Cannes is not the highest-volume festival going, merely the most prestigious and sun-stroked. This year’s slate offers 55 films from 30 different countries, 48 of them world premieres. Twenty of those films compete for this year’s Palme d’Or (best in show).

The jury’s selections represent a preponderance of Cannes newcomers, including Richard Linklater ("Slacker," "Before Sunrise," "Before Sunset"), one of three American directors in this year’s running for the Palme d’Or. The others are Sofia Coppola ("Lost in Translation"), coming to Cannes with her "Marie-Antoinette," and Richard Kelly ("Donnie Darko"), whose "Southland Tales" imagines a futuristic hellhole version of L.A.

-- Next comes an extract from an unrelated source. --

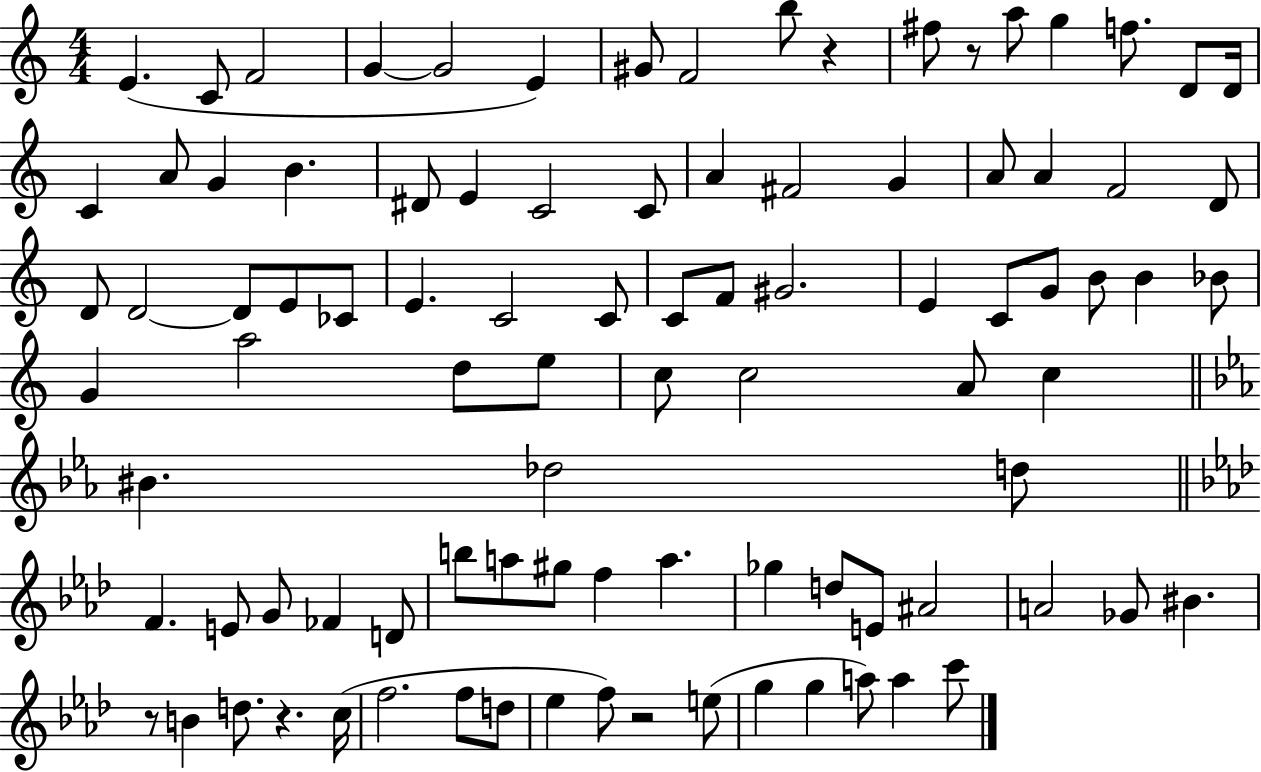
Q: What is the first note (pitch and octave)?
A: E4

Linklater, a Texas native, will be represented by "Fast Food Nation," based on the compulsively readable Eric Schlosser book about the American gut and those who cater to its baser impulses. Linklater will also compete in the category of "Un Certain Regard" — have any three words better captured the essence of a Gallic shrug? — with his animated/live-action fantasia "A Scanner Darkly."

It’s a `grind’

Cannes regulars always tell Cannes newcomers: Be prepared. Bring sleep medication. Like Facets’ Stehlik, Barbara Scharres, programming director of the Gene Siskel Film Center, has attended the festival for nearly 20 years. As with most Cannes veterans, when she talks about the experience, the words "exhausting" and "grueling" and "a grind" recur with distressing regularity.

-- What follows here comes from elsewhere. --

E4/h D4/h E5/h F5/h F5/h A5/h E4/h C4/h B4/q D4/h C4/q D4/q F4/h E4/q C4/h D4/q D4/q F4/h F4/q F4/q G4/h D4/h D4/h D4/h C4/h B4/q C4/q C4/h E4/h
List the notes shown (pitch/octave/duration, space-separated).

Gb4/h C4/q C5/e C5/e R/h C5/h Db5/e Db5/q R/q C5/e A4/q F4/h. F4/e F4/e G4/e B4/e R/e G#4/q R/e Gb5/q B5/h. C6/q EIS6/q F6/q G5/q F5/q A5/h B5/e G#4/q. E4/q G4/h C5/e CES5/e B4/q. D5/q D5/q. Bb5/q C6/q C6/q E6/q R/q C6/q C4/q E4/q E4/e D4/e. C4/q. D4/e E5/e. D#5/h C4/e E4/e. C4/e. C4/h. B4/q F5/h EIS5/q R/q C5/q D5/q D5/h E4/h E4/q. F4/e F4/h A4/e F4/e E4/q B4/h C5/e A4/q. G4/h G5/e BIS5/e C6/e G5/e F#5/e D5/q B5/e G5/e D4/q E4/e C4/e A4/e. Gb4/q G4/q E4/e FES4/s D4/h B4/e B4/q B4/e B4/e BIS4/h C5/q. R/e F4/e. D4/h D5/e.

"I try to see between five and seven films a day," she says, adding that "as a programmer attending Cannes it’s helpful to have a press pass. It’s invaluable, in fact. That’s why every film programmer around the world scrambles to get some kind of media affiliation to qualify for a press pass." As in other years Scharres is covering the festival for the Chicago Sun-Times, along with a certain Sun-Times staff writer who is quite, quite well-known. Also, Facets’ Stehlik will cover it for WBEZ-FM. )

Stehlik has learned to live with the festival feeling that "you’re always missing something" while seeing something else. But for a programmer on the lookout for the best new work from all around the world, there is no better place than Cannes.

"Since 1988 I’ve been every year but one," Stehlik deadpans. "One year I skipped. It was a mistake. I regretted it every moment."